Riverton fire threatens to postpone Grade Six Achievement Test
Cabinet is to decide today whether the Grade Six Achievement Test (GSAT), scheduled for this week, will be postponed as the fire at the Riverton City disposal site in St Andrew continues to wreak havoc across much of the Corporate Area and St Catherine.
Permanent secretary in the Ministry of Education, Elaine Foster-Allen, revealed yesterday that as many as 11,500 GSAT students from schools in Kingston, St Andrew and St Catherine are likely to be affected by the smog.
Approximately 39,000 students are scheduled to sit the test on Thursday and Friday.
"Regarding the GSAT examinations, we await a decision to be taken by Cabinet tomorrow [today]," Foster-Allen told reporters during a press conference at the New Kingston offices of the Office of Disaster Preparedness and Emergency Management (ODPEM) yesterday to provide an update on the fire.
While she was unable to provide figures, Foster-Allen said the education ministry has confirmed that a number of GSAT students in Kingston, St Andrew and St Catherine have been impacted by the smog and, as a result, there are questions about whether their health will improve by Thursday.
She said this would present a number of challenges for the ministry.
"Were we to have the children in the rest of the country take the exams and the children in the Corporate Area and Portmore not take the exams, we are talking about having to set another exam and all the challenge that comes with that," she explained.
very much contained
Director general of ODPEM, Major Clive Davis, said the Jamaica Fire Brigade has reported to him that the fire, which began last Wednesday, "is very much contained".
"There is no risk of it going any further at this time," Davis said in response to initial reports that as much as half of the 120-acre disposal site was on fire.
He said there is still no indication what caused the blaze, as the investigation has been deferred until the fire is fully under control.
State minister in the Ministry of Local Government, Clive Fagan, who also addressed journalists, described the latest in a series of fires at the disposal site and the attendant smoke nuisance as being "unprecedented in scale and intensity".
He acknowledged that residents in affected communities are "hurting and angry" and again used the opportunity to appease their wrath.
"I want to apologise for the suffering that you have experienced.
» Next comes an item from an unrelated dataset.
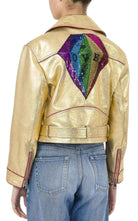 Gucci Gold Leather Short Biker Jacket - Runway Catalog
I also want to let you know that we are doing everything to ensure that we can contain this crisis quickly," Fagan underscored.
Yesterday, the health ministry revealed that a total of 642 persons have sought medical attention for respiratory ailments caused by the smoke.
Acting chief medical officer, Dr Marion Bullock-DuCasse, said in addition to the extended opening hours instituted at health facilities in the affected communities since last Friday, the health ministry has also taken steps to ensure there are adequate stocks of the medication used to treat these ailments.
"We have procured additional stocks just to ensure our preparedness, and they have been distributed. All of our health facilities have adequate supplies of equipment, as well as pharmaceuticals, including the respiratory solutions," she underscored.
However, five days after the fire started, Bullock-DuCasse admitted that the results of the air-quality tests are still outstanding.
"They should become available this afternoon (yesterday) or tomorrow morning (today) from the Bureau of Standards," DuCasse revealed.